# Neu in Rheinland-Pfalz, wo kann ich endlich wieder angeln?



## spongebob (4. Oktober 2004)

Wunderschönen Guten Tag Euch allen!

Ich brauche dringend eure Hilfe:

Ich bin ganz neu nach Speyer gezogen, und möchte unbedingt so schnell es geht wieder angeln. Ich habe vorher in BaWü gewohnt, und hatte in meiner Nähe einen See, bei dem ich einfach so angeln konnte. Ich brauchte dafür keinen Jahresfischereischein noch sonst irgendetwas.
Da ich sehr viel Stress im Studium hab kann ich es mir im Moment nicht erlauben hier einen Kurs zu besuchen und einen Schein zu machen,
deshalb meine Frage:

Kann ich irgendwo hier in der Gegend ohne Schein angeln?

Vielen Dank,|wavey: 
spongebob


----------



## Reisender (4. Oktober 2004)

*AW: Neu in Rheinland-Pfalz, wo kann ich endlich wieder angeln?*

@spongebob

ein nettes willkommen bei uns im Board#h #h #h und gleich die antwort auf deine frage habe keine ahnung!!!!!|uhoh: wo mann ohne angeln darf. 

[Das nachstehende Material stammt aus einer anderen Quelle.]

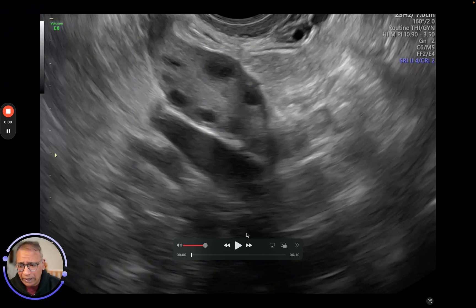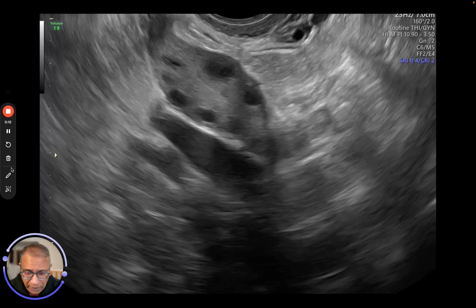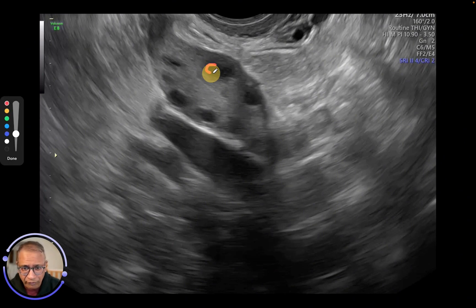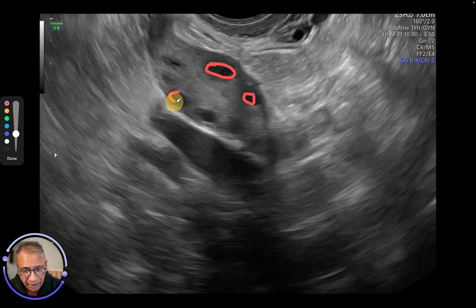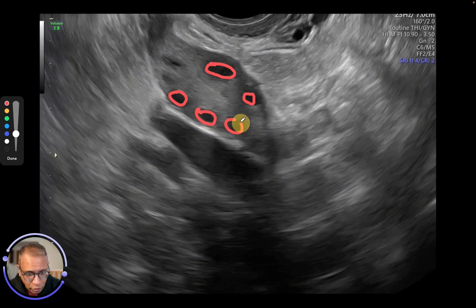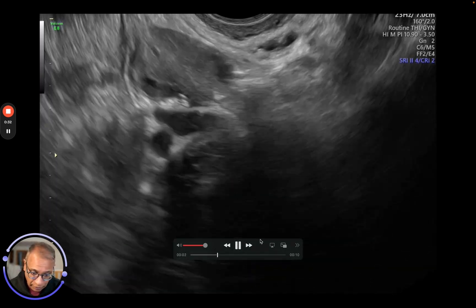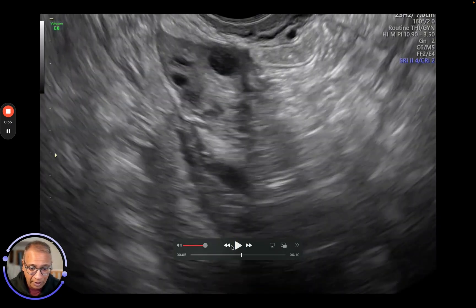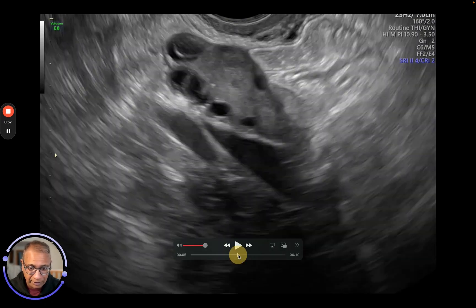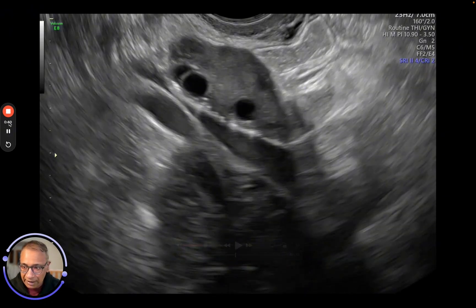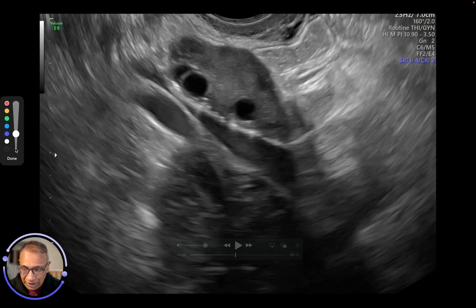Let's have a look at this scan. What we are trying to explain is what antral follicles are. On a scan, when we start IVF, these are the follicles that are going to be stimulated and will grow. This is a very good antral follicle count, and these follicles are of a much better size.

aber wenn du bei uns mitmachen möchtest *1 Saar-Pfälzisches AB Treffen* *im board !! *lade ich dich hiermit ein....wir sind ein trupp von .......spar ich mir, und sind immer lustig. ohne schein darfst du zwar auch bei uns nicht angeln, aber wir brauchen immer einen der uns hilft:q :q 

Du könntest bei uns volgende aufgaben mit übernehmen, uns deine erfahrung mitteilen, beim bestücken der ruten helfen, sollte einer seine hand verstaucht haben(kommt vor  )beim landen der fische helfen, natürlich auch beobachten ob wir bisse haben, und uns allen zu hand gehen.:m 

ich glaube bei der ganzen arbeit fällt es gar nicht auf, das du kein schein hast. 
und wenn du einen hast dann kannst du dich ja auf deine eigenen ruten konzentrieren.:m 

so das ist mein angebot!!! was möchtest du noch mehr??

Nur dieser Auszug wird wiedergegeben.